Kurzkritik:Knödelsoul

Nathaniel Rateliff mit den "Night Sweats" in der Muffathalle

Von Ralf Dombrowski

Im Bühnenhintergrund hängen geraffte Vorhänge von der Decke, acht Scheinwerferkränze erinnern entfernt an die Form von Kerzenleuchtern und spenden ein Effektlicht, das eher schummert, als blendet. Alles soll ein wenig heimelig wirken, wie ein Ballroom vielleicht, mit nostalgischer Note. Dazu passt auch die Musik. Denn Nathaniel Rateliff bedient sich stilistisch klar im Klangbaukasten der Sechziger- und Siebzigerjahre, lässt Assoziationen zur Spencer Davis Group ebenso zu, wie zu den Blues Brothers und dem Country Soul dezent fortschrittlicher Truckerkneipen. Diese Verwandlung vom Singer-Songwriter zum Leader einer Americana-Tingeltruppe hat er während der vergangenen fünf Jahre vollzogen, seitdem er mit The Night Sweats unterwegs ist und seine Alben beim ehrwürdigen Label Stax veröffentlicht, das einst für den etwas raueren Soul zuständig war.

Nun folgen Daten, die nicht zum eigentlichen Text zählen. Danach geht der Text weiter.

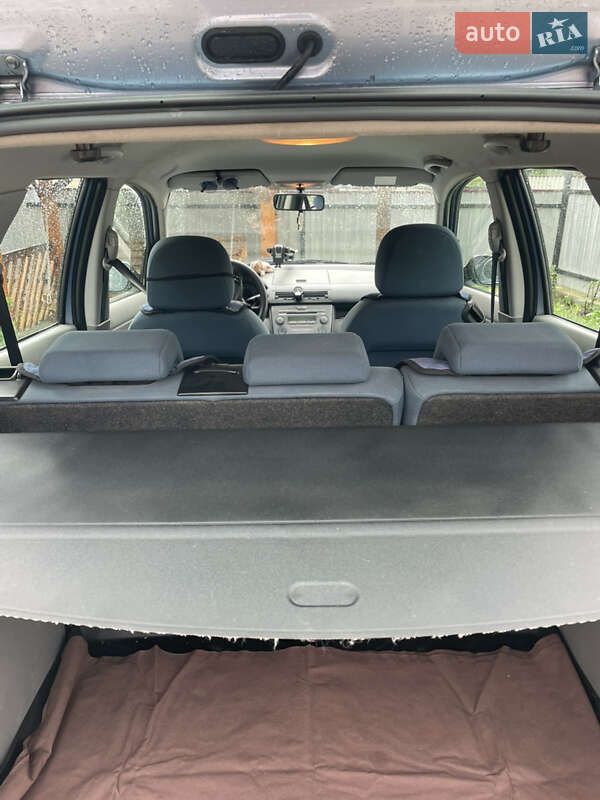 Хэтчбек Mazda 2 2005 в Верховине фото 7 Хэтчбек Mazda 2 2005 в Верховине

Zum Start seiner Europatournee knödelt Nathaniel Rateliff in der ausverkauften Muffathalle mit Zugabe eine gute Stunde lang durch das Programm seiner zweieinhalb Platten mit der Band, mit einigen neueren Liedern wie "Hey Mama" oder "You Worry Me" bis hin zu den bislang erfolgreichsten Stücken wie "I Need Never Get Old" und der Mitsinghymne "S.O.B." als Setfinale. Und es zeigt sich schnell, wo Stärken wie auch Schwächen des Programms liegen. Denn auf der einen Seite hat die siebenköpfige Combo mit Rockbesetzung und Bläsersatz durchaus Entertainment-Qualitäten und lädt musikalisch zum Party-Soul auf Country-Folk-Basis.

Auf der anderen Seite stößt vor allem Rateliff selbst schnell an seine vokalen und gestalterischen Grenzen. Wo seine Stimme in den Solo-Projekten charmant brüchig und sympathisch quengelig wirkt, fehlt ihr an der Spitze einer lauten Band Volumen und Umfang, um vielfältig agieren zu können. Und auch die pfiffig detailreichen Studioarrangements der Stücke gehen in der Live-Verstärkung verloren, so dass am Ende eine professionell folkrockige Band mit freundlichem Frontmann übrig bleibt. Mehr aber nicht.